Cyclistic Bike Share Data Analysis

Cyclistic is a bike share company in chicago which has asked me to perform data analysis to advise their marketing efforts.  The director of marketing believes they must maximize annual memberships in order to generate greater profits from the bike-share system.  My audience is the internal stakeholders, including the marketing director, other marketing employees, as well as other analysts in my department.  My analysis will help our marketing team identify who to advertise to for the maximization of annual memberships. 

The data provided by Cyclistic is organized byn month in indivivual .csv files. These files were likely pulled from a table in the cyclistic database.  It is organized by ride, with each ride having a unique ride ID.  I believe this data is reliable considering it came directly from the stakeholder's database.  This information would have been collected automatically by the bike stations so it is unlikely there are errors in the data.

In [None]:
import pandas as pd
import os
import numpy as np
import datetime as dt
import math
import seaborn as sns
import matplotlib.pyplot as plt


for dirname, _, filenames in os.walk('/kaggle/input'):
    for filename in filenames:
        print(os.path.join(dirname, filename))

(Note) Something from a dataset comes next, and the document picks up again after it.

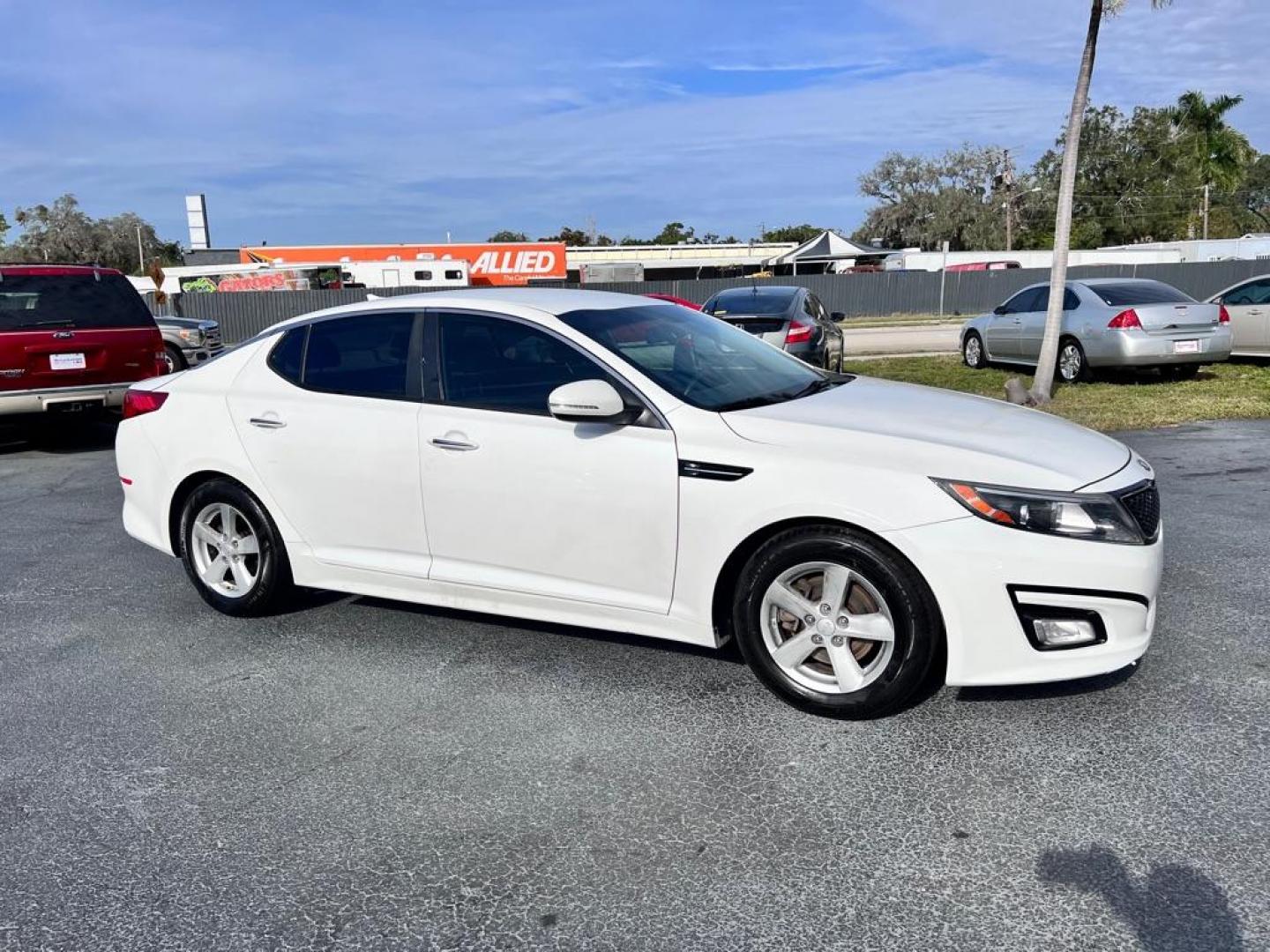 2015 WHITE KIA OPTIMA LX (KNAGM4A79F5) with an 2.4L engine, Automatic transmission, located at 2929 9th St. West, Bradenton, 34205, (941) 242-2810, 27.473591, -82.570679 - Photo#2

I want to set my default path to the location of my dataset so that I can acces their names.  From here I will make a list of the .csv file names:

In [None]:
os.chdir('/kaggle/input/cyclistic-trips-202108-to-202207')
filelist = os.listdir()

By creating a dataframe and appending all 12 months of data to the same frame, I can run operations on the whole dataset rather than just one month at a time.  A preview of this new dataframe is shown below:

In [None]:
tempFrame = pd.DataFrame()
frame = pd.DataFrame()
for file in filelist: 
    tempFrame = pd.read_csv(file)
    frame = frame.append(tempFrame)

frame.head()

To start that data cleaning process, I will need some more information about the dataset. Let's begin by finding out how many rows and collumns there are:

In [None]:
frame.shape

There are 12 collumns and 5,901,463 rows.  That's a lot of trips, each one with their own unique ride_id. This data was found already in .csv format and I did no have to pull it from a database. I would assume that ride_id is the primary key and all this information is stored in a table of ride data.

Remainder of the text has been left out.